Un delegado véneto estaba acabando de exponer el pensamiento de Manin.
—Nosotros decimos basta a la teoría del puñal, basta al asesinato y al terror como base del programa político de la Italia unida. ¡La continua actividad conspiradora de Mazzini está atrayendo sobre nuestra causa el descrédito del mundo entero! ¡Su complicidad en el atentado de Pianori es tan evidente que ni siquiera sus amigos ingleses lo defienden ya! ¡Es hora de cambiar de vía! ¡Si queremos ganar, debemos encontrar una solución diferente!

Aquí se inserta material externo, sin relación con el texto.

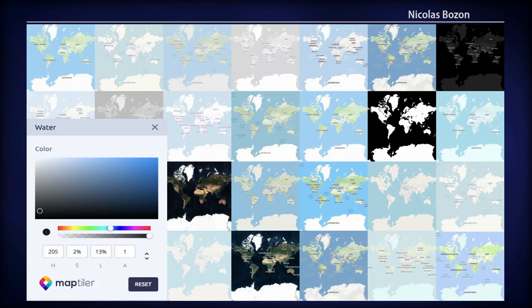MapTiler Cloud offers a dozen standard maps, each with two or more presets you can use to start designing with. Moving the HSL slider and changing fonts and so on lets you create style variants, and the appearance of the map is updated live, so you can iterate, test, and see results in a very easy way.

—¿Y cuál sería esa solución?—gritó un mazziniano sin mancha y sin miedo—. ¿La de Cavour? ¿Cavour, que ha enviado quince mil soldados a morir de cólera en Crimea para poder luego sentarse a la mesa de negociaciones y quedarse con una parte de Italia?
—¡No una parte, Italia entera!—apostilló otro radical.
—¡Para tener Italia entera yo me aliaría incluso con el diablo!—saltó un moderado.
—¡Tú eres un enemigo de la causa!
—¡Mazzini es el verdadero enemigo de la causa!
Estaban a punto de llegar a las manos. Los radicales se volvieron a Mazzini: que interviniera, que calmase o que inflamase, ¡pero que tomara la palabra, demonio! Mazzini hizo un gesto de negarse, con la mirada cada vez más velada de tristeza e impotencia. Un delegado napolitano citó el nombre del último descendiente de Murat, el napoleónico fusilado en Pizzo Calabro en 1815 por haber tratado de liberar el Sur.
—Los franceses mismos no podrán oponerse, si es uno de ellos quien coge las riendas del destino de Italia.
Un coro de comentarios ahogó la propuesta. Del frente radical surgieron gritos de «¡Viva la República!». Los moderados, a su vez, estaban divididos entre los filopiamonteses y los partidarios de Murat. Sin decir una palabra, Mazzini se levantó y abandonó la reunión. Se va como el culpable, o como el Cristo, se dijo Lorenzo, y la terrible soledad del Maestro le encogió el corazón. En ese preciso instante decidió que sus manos nunca se mancharían con la sangre de Mazzini. Continuaría traicionándolo, y tal vez por su causa acabaría en manos del verdugo, pero matarlo, nunca.